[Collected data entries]
════════
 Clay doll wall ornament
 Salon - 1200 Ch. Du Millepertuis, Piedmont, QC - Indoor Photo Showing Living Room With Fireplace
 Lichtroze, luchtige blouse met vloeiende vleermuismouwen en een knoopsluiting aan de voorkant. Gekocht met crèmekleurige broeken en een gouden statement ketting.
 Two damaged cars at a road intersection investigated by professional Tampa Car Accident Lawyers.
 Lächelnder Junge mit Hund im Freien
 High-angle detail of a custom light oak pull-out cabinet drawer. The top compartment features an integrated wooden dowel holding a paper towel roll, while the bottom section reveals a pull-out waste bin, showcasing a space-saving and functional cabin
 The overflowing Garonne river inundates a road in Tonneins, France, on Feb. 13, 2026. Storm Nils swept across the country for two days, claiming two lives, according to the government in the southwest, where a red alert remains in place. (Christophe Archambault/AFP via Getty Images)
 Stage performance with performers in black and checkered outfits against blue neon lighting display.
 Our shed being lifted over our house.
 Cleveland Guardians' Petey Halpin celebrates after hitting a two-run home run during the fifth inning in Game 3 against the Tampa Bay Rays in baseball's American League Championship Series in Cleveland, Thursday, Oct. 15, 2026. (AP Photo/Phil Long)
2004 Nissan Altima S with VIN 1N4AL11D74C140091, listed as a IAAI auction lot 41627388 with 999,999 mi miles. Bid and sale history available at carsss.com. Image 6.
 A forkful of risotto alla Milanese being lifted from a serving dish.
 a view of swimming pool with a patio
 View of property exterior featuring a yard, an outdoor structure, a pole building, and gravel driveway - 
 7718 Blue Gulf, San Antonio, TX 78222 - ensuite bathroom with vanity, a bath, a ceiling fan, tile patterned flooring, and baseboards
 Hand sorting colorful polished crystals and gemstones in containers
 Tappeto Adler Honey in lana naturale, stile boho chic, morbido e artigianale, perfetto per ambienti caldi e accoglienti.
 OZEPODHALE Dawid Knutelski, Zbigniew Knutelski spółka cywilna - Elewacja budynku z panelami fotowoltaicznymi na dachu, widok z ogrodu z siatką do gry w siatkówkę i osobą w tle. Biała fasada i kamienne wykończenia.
════════
- _Directions for this task_:
Set every line of the data down again, word for word.

- _Answer space_:
 Clay doll wall ornament
 Salon - 1200 Ch. Du Millepertuis, Piedmont, QC - Indoor Photo Showing Living Room With Fireplace
 Lichtroze, luchtige blouse met vloeiende vleermuismouwen en een knoopsluiting aan de voorkant. Gekocht met crèmekleurige broeken en een gouden statement ketting.
 Two damaged cars at a road intersection investigated by professional Tampa Car Accident Lawyers.
 Lächelnder Junge mit Hund im Freien
 High-angle detail of a custom light oak pull-out cabinet drawer. The top compartment features an integrated wooden dowel holding a paper towel roll, while the bottom section reveals a pull-out waste bin, showcasing a space-saving and functional cabin
 The overflowing Garonne river inundates a road in Tonneins, France, on Feb. 13, 2026. Storm Nils swept across the country for two days, claiming two lives, according to the government in the southwest, where a red alert remains in place. (Christophe Archambault/AFP via Getty Images)
 Stage performance with performers in black and checkered outfits against blue neon lighting display.
 Our shed being lifted over our house.
 Cleveland Guardians' Petey Halpin celebrates after hitting a two-run home run during the fifth inning in Game 3 against the Tampa Bay Rays in baseball's American League Championship Series in Cleveland, Thursday, Oct. 15, 2026. (AP Photo/Phil Long)
2004 Nissan Altima S with VIN 1N4AL11D74C140091, listed as a IAAI auction lot 41627388 with 999,999 mi miles. Bid and sale history available at carsss.com. Image 6.
 A forkful of risotto alla Milanese being lifted from a serving dish.
 a view of swimming pool with a patio
 View of property exterior featuring a yard, an outdoor structure, a pole building, and gravel driveway - 
 7718 Blue Gulf, San Antonio, TX 78222 - ensuite bathroom with vanity, a bath, a ceiling fan, tile patterned flooring, and baseboards
 Hand sorting colorful polished crystals and gemstones in containers
 Tappeto Adler Honey in lana naturale, stile boho chic, morbido e artigianale, perfetto per ambienti caldi e accoglienti.
 OZEPODHALE Dawid Knutelski, Zbigniew Knutelski spółka cywilna - Elewacja budynku z panelami fotowoltaicznymi na dachu, widok z ogrodu z siatką do gry w siatkówkę i osobą w tle. Biała fasada i kamienne wykończenia.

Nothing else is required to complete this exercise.